▸ **ACTIVITY**
Give again, exactly as written, each line of the material below starting at the line that contains "Used 2023 Chevrolet" and ending at the line that contains "que ser iguales?". Both ends count, and no other line does.
*** Opening of DATA EXTRACT ***
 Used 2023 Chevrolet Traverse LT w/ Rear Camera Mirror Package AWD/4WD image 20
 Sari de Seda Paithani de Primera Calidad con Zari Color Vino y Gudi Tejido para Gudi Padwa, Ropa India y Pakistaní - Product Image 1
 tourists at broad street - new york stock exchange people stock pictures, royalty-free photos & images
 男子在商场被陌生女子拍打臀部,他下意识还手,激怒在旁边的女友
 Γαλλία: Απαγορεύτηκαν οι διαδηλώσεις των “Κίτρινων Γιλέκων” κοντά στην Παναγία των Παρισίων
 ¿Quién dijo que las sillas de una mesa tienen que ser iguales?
*** Close of DATA EXTRACT ***
*** Opening of DATA EXTRACT ***
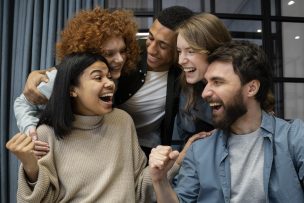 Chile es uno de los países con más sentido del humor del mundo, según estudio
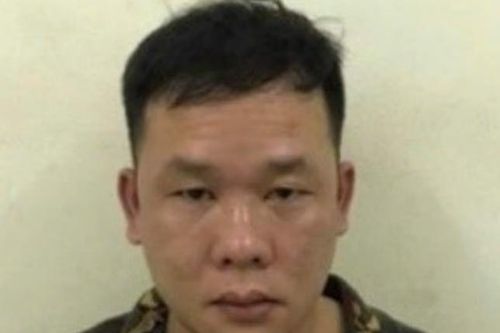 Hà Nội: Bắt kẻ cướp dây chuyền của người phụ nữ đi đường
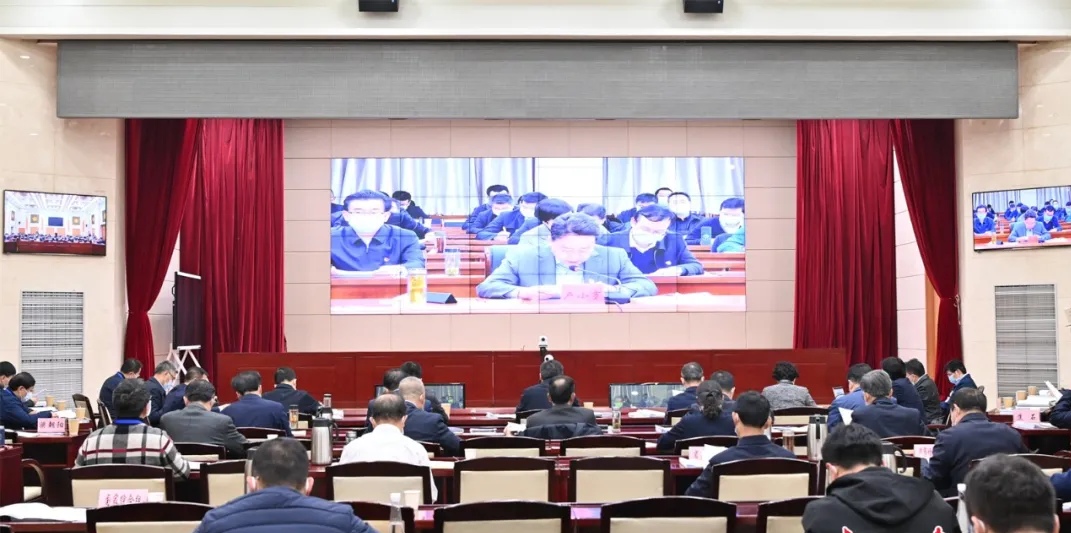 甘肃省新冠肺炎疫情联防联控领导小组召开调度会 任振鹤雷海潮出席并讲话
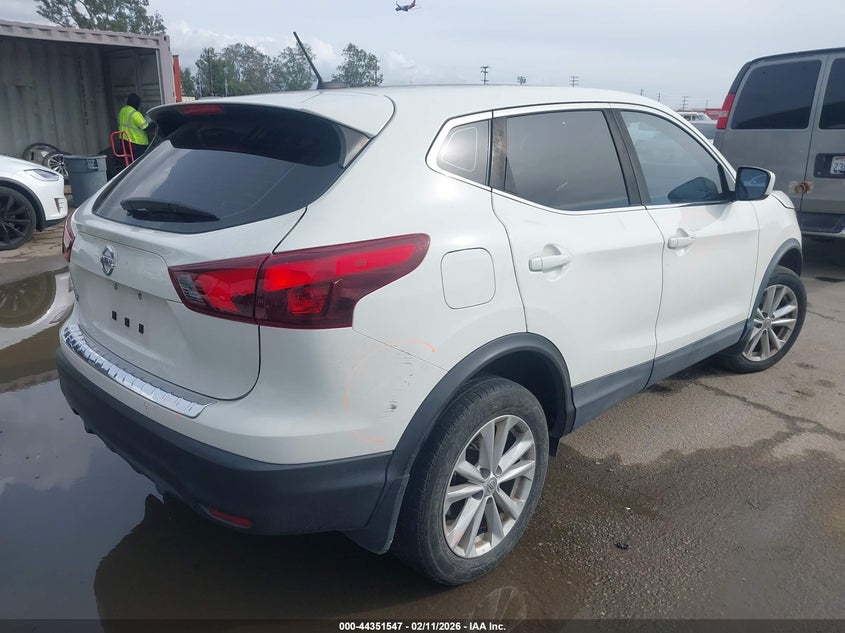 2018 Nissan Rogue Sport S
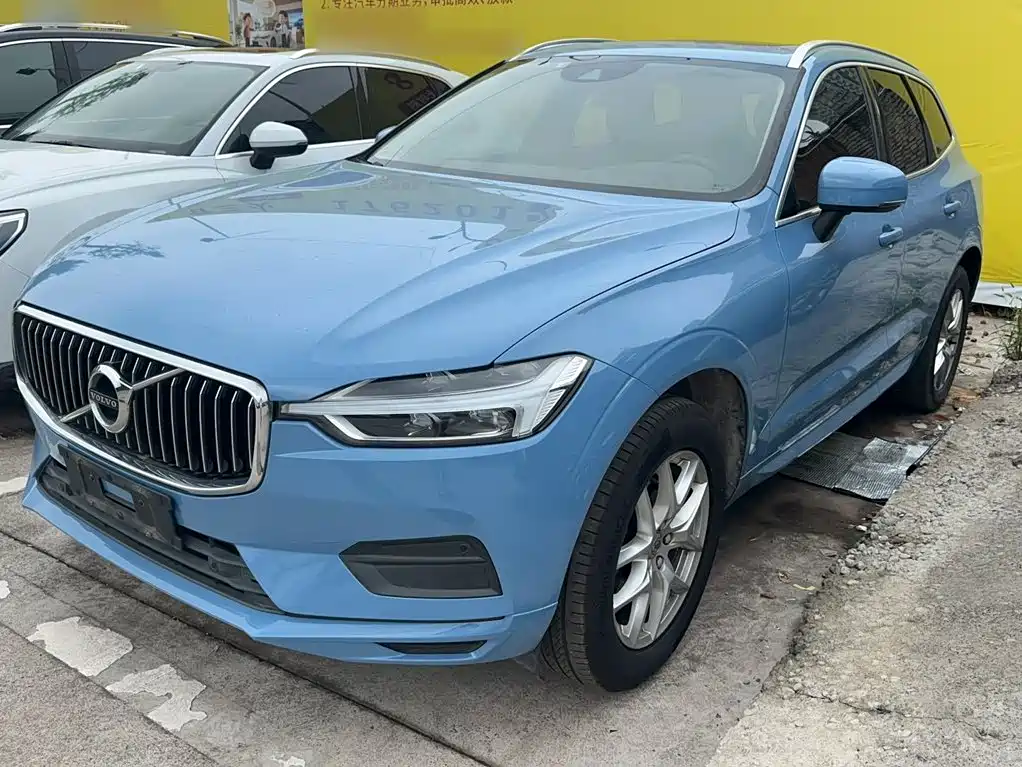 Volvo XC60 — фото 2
*** Close of DATA EXTRACT ***
▸ **RESULT OF THE EXERCISE**
 Used 2023 Chevrolet Traverse LT w/ Rear Camera Mirror Package AWD/4WD image 20
 Sari de Seda Paithani de Primera Calidad con Zari Color Vino y Gudi Tejido para Gudi Padwa, Ropa India y Pakistaní - Product Image 1
 tourists at broad street - new york stock exchange people stock pictures, royalty-free photos & images
 男子在商场被陌生女子拍打臀部,他下意识还手,激怒在旁边的女友
 Γαλλία: Απαγορεύτηκαν οι διαδηλώσεις των “Κίτρινων Γιλέκων” κοντά στην Παναγία των Παρισίων
 ¿Quién dijo que las sillas de una mesa tienen que ser iguales?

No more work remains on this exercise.